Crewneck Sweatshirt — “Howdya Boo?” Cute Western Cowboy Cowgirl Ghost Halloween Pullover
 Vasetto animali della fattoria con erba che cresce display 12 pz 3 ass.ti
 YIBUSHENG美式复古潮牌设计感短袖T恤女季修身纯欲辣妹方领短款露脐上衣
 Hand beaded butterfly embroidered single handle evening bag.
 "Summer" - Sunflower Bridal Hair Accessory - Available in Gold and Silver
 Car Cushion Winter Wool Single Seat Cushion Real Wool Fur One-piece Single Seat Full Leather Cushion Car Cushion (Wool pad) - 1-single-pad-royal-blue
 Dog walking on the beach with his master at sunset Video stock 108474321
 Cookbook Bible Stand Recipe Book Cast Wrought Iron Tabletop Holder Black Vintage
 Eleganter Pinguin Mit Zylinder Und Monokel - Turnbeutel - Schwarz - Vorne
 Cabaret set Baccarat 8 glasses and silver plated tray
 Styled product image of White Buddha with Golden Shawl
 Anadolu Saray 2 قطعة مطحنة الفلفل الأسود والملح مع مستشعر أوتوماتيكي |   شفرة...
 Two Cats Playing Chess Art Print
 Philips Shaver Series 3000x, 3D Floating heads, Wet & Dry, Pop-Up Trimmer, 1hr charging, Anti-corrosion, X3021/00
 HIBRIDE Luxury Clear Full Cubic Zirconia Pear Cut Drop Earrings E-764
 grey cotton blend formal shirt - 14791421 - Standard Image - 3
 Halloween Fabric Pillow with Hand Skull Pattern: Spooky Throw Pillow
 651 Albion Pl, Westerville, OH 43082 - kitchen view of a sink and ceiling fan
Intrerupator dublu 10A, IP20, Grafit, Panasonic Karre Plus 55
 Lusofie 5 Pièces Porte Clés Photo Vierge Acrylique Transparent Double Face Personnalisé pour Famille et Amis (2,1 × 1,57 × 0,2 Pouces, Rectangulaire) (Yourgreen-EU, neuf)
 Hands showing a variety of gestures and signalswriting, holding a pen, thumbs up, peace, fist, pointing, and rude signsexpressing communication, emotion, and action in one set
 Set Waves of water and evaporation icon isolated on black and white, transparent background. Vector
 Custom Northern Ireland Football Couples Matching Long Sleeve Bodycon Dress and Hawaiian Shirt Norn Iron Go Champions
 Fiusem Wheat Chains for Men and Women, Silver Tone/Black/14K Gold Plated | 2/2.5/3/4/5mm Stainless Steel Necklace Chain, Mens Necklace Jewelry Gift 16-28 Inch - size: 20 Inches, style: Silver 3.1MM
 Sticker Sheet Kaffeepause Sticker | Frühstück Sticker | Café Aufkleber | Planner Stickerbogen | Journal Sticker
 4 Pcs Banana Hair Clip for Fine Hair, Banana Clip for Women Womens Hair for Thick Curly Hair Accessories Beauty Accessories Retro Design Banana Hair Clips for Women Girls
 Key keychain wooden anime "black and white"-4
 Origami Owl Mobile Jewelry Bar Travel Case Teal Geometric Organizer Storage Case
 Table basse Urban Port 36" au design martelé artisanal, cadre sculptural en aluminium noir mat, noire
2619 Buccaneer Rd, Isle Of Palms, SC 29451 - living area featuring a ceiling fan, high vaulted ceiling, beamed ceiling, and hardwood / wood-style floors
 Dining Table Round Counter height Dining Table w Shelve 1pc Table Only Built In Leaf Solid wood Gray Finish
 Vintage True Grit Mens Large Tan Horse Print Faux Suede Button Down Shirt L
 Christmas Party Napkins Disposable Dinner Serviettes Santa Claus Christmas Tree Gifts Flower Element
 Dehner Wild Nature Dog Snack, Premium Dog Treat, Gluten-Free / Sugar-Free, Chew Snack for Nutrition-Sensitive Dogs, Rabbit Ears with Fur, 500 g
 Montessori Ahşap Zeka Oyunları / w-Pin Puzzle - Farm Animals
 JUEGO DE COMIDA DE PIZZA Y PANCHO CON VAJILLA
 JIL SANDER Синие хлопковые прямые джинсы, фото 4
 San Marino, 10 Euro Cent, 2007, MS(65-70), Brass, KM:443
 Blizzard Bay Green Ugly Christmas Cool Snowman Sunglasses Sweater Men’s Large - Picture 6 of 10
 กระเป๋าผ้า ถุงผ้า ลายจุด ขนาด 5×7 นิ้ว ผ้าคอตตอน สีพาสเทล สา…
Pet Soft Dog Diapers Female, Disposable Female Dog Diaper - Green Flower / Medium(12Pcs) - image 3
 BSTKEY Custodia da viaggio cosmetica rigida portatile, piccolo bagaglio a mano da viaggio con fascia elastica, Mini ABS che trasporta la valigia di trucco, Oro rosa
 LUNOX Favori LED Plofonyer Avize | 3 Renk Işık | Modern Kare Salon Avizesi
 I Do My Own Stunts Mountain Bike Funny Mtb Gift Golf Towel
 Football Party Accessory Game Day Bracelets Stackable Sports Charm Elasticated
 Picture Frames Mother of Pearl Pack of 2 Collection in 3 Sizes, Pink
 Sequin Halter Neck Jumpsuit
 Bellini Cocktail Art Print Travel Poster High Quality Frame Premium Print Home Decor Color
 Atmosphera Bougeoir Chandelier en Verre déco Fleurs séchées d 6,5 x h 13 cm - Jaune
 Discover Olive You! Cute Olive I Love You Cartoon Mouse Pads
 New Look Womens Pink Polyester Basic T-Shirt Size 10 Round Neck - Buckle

◇ ◇ ◇ ◇ ◇ ◇ ◇

### YOUR OBJECTIVE
Filter the data, keeping only the lines that contain "Travel".

### RESPONSE TO THE EXERCISE
 Origami Owl Mobile Jewelry Bar Travel Case Teal Geometric Organizer Storage Case
 Bellini Cocktail Art Print Travel Poster High Quality Frame Premium Print Home Decor Color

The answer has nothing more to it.